# Dwarf spectacled caiman



## MattBailyes (Jul 20, 2011)

Does anyone know where these can be purchased from and how much would they cost?


----------



## Razorscale (Feb 22, 2010)

Hi Matt,

I don't believe spectacled caiman would be considered a dwarf, unless you mean a cuviers or schnieders dwarf?


----------



## MattBailyes (Jul 20, 2011)

Razorscale said:


> Hi Matt,
> 
> I don't believe spectacled caiman would be considered a dwarf, unless you mean a cuviers or schnieders dwarf?
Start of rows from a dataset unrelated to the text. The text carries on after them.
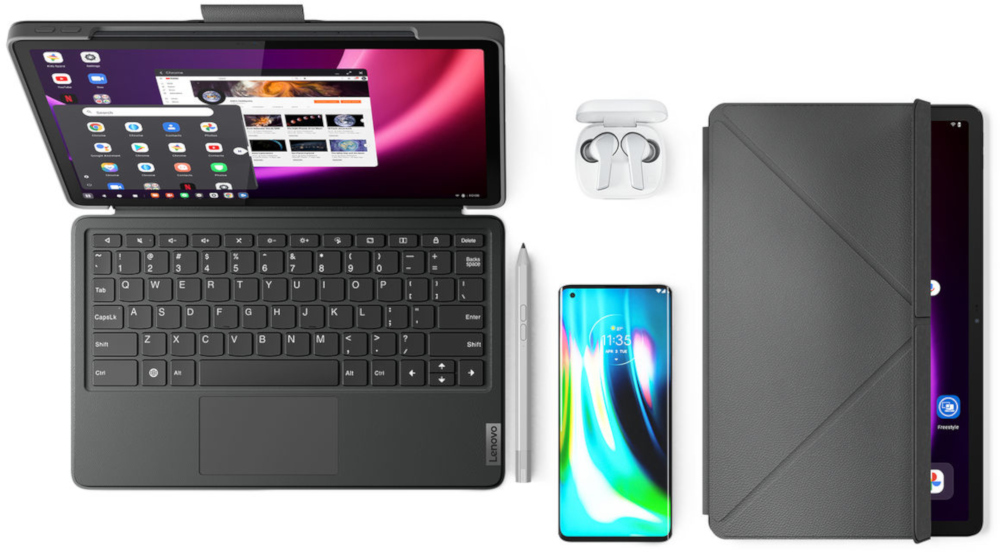 Tablet met toetsenbord, telefoon, oordopjes en hoes. Open tablet toont website. Alles is zwart en grijs.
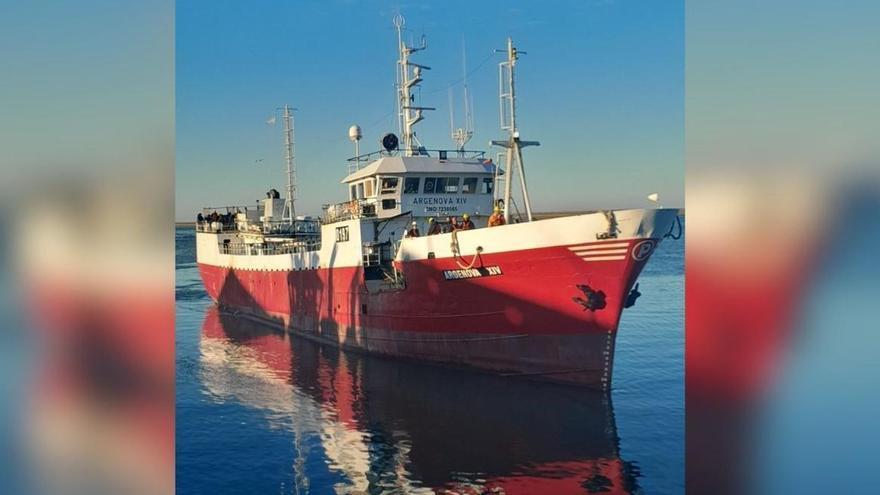 Pescanova se apresta en Argentina para el «reestreno» del palangrero de merluza negra «Argenova XIV»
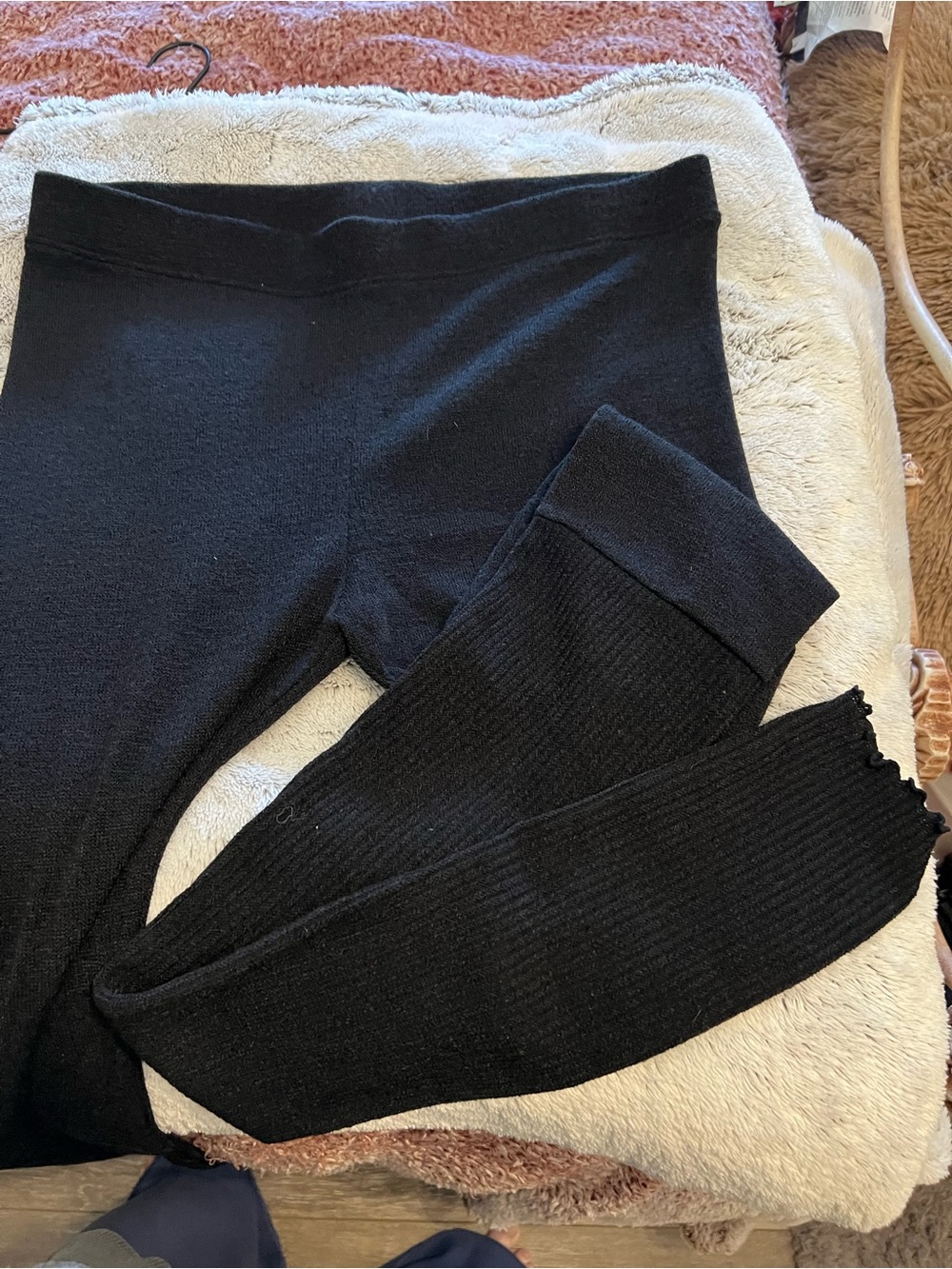 Free People Intimately Black Cozy Knit Leggings MWOT Size M - Picture 2 of 3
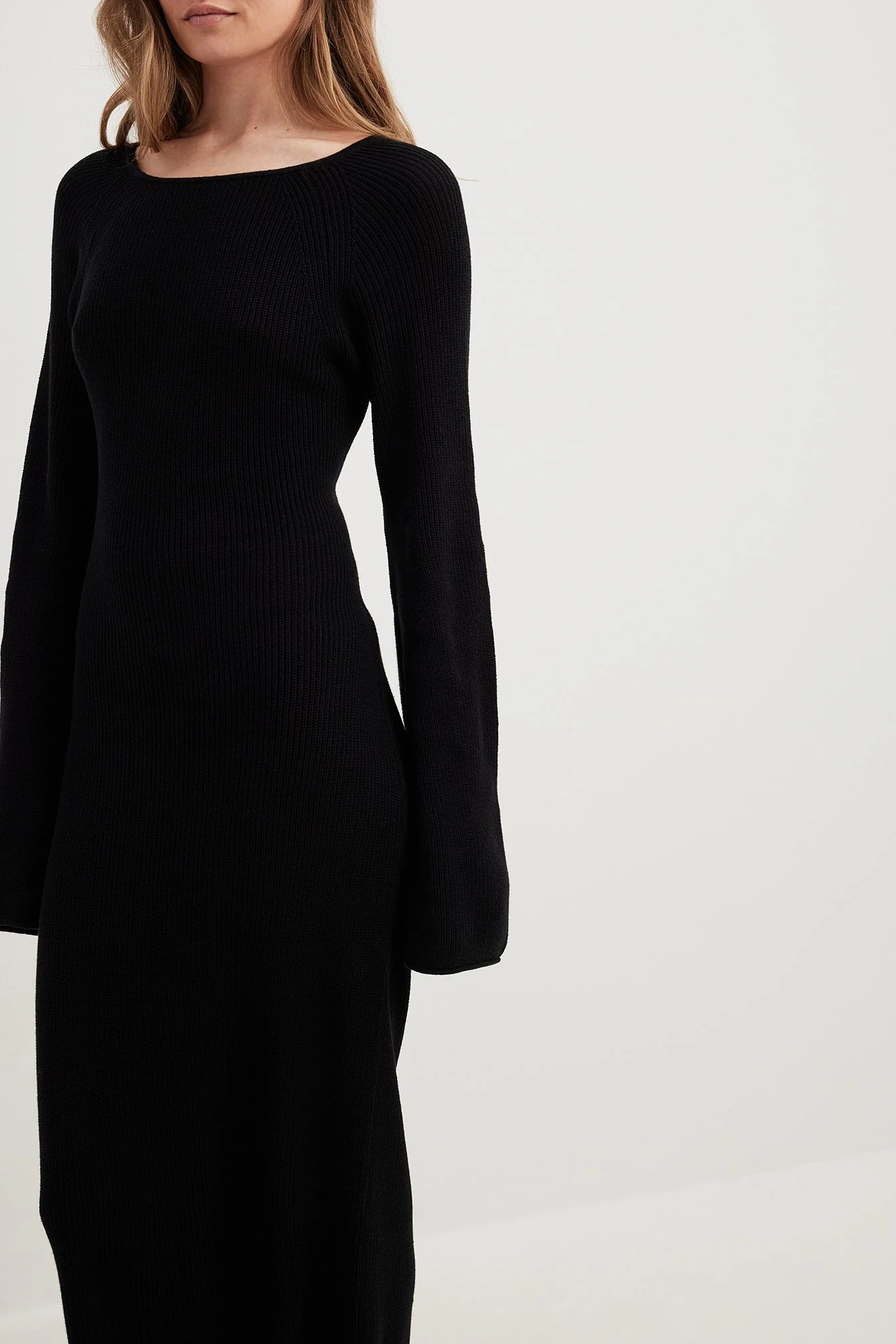 Kleid mit offenem gekreuztem Rücken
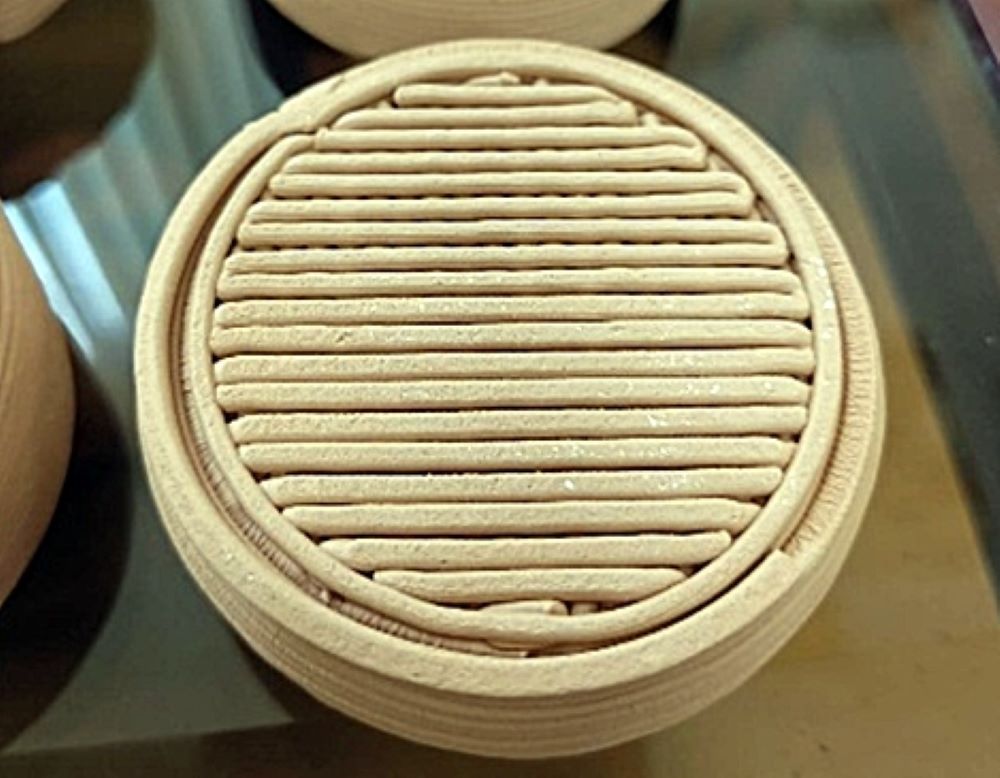 《圖說》龍華科大USR團隊使用水庫淤泥為材料，低溫燒結製成生態友善陶瓷珊瑚復育基座。〈龍華科大提供〉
Sorry, I meant the cuvier's dwarf caiman


----------



## Herpalist (Jun 17, 2009)

Seemingly Cuviers Dwarf Caimen are now banned from import since June of this year. There are some in the UK for sale but they are supposedly looking £900 + to buy.


----------



## invertbreeder (Oct 13, 2011)

I've seen these before over here, I think but I'm not 100% on this, that Pilbara Reptiles may have at some point had these in, maybe see if they can get?


----------



## sharpstrain (May 24, 2008)

invertbreeder said:


> I've seen these before over here, I think but I'm not 100% on this, that Pilbara Reptiles may have at some point had these in, maybe see if they can get?



Pilbara Reptiles no longer exist


----------